Geräuchert ist er auch nicht schlecht. einfach mal ausprobieren ! 
lass von deinenErfolgen hören ..


----------



## gerstmichel (26. Mai 2005)

*AW: Hornhechtrezept ??*

Danke, an grillen hab ich auch schon gadacht, nachdem der Dorsch mit einen Bauch voll Knoblauch so legger war ...|bla: :q :l


----------



## hornhechteutin (27. Mai 2005)

*AW: Hornhechtrezept ??*

Moin Moin ,
allllsooo Horni gebraten und dann in Sauere gelegt ist mega lecker oder Du räucherst ihn . Wir bereiten Hornis genau so zu wie Aal, also alle Aalrezepte kannst auch für Horni verwenden .

Gruß aus Eutin
Michael


----------



## gerstmichel (27. Mai 2005)

*AW: Hornhechtrezept ??*

Ja, werden wir probieren, aber mit den Hornies wor dat ja man nix...#c 
Gift das halt wider Dorsch vom Grill. :q


----------



## darth carper (27. Mai 2005)

*AW: Hornhechtrezept ??*

Ich habe gehört, daß Hornhechte recht viele Gräten haben und man sie daher besser einlegt.
Wer hat denn ein Rezept für die richtige Lake?


----------



## Kochtoppangler (5. Juni 2005)

*AW: Hornhechtrezept ??*

gibts irgendwelche tricks die gräten zu entfernen?
hab letztens welche gebraten , waren auch lecker aber das gräten puhlen war die hölle !


----------



## knurrxxxxxx (5. Juni 2005)

*AW: Hornhechtrezept ??*

Rezept für Lake zum einlegen:

je nach Menge des Fisches

1 ltr.
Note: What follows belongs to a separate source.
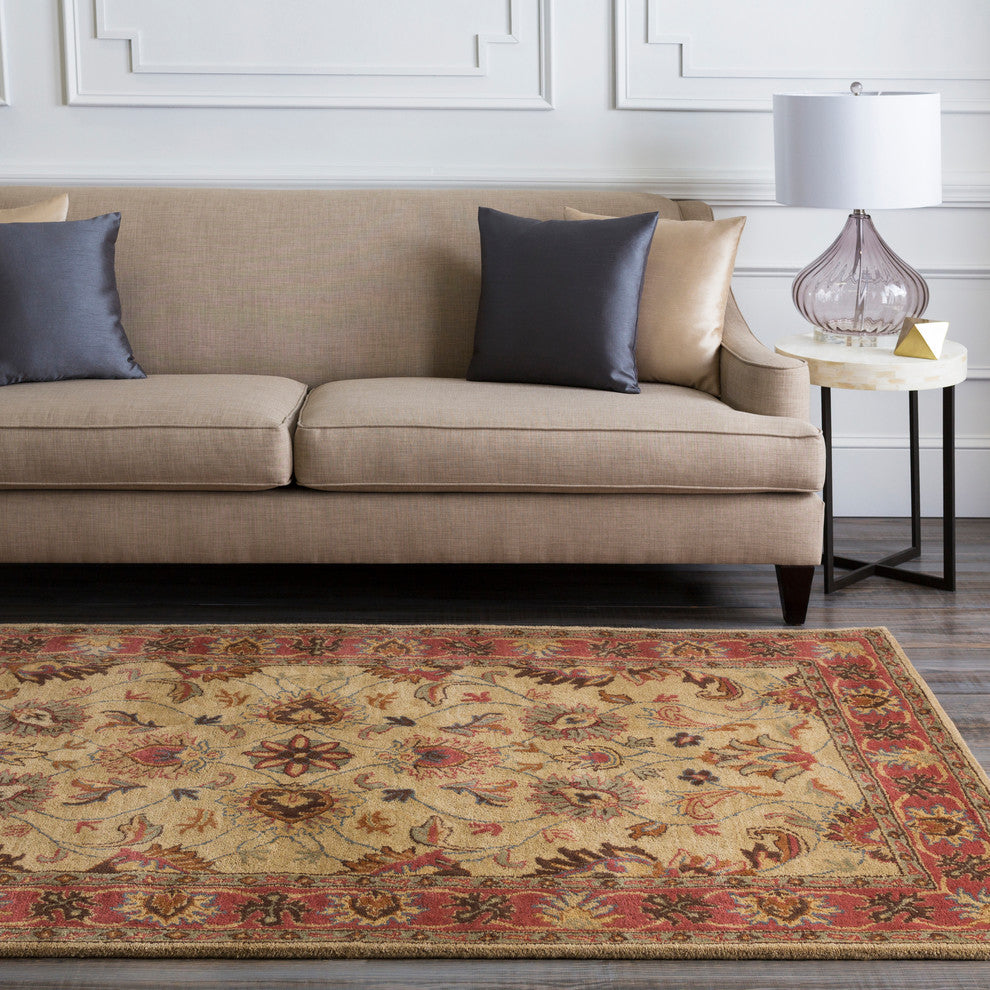 Caesar Area Rug, 7'6"x9'6"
Wasser
ca. 0,2 bis 0,3 ltr Kräuteressig
ca. 6 Eßl Salz
ca. 4-5 Eßl Zucker
2 Tl Senfkörner
4 Lorbeerblätter
und wer hat 2 Tl Dillsamen

dann ca 4 Zwiebeln in Ringe schneiden. Kleiner Tip : wenn der Sud warm ekelig schmeckt ist er sauer genug. 

Alles aufkochen lassen bis die Zwiebeln weich werden aber nicht matschig.
Die Hornhechte in Stücke schneiden würzen und in Semmelbrösel wenden und in der Pfanne braten. Etwas abkühlen lassen. Sud auch etwas abkühlen lassen und über die Fische gießen. Ca 2 Tage ziehen lassen und dann 

GUTEN HUNGER !!!


Gruß
Claudia


----------



## MichaelB (6. Juni 2005)

*AW: Hornhechtrezept ??*

Moin,





			
				Kochtoppangler schrieb:
			
		

> gibts irgendwelche tricks die gräten zu entfernen?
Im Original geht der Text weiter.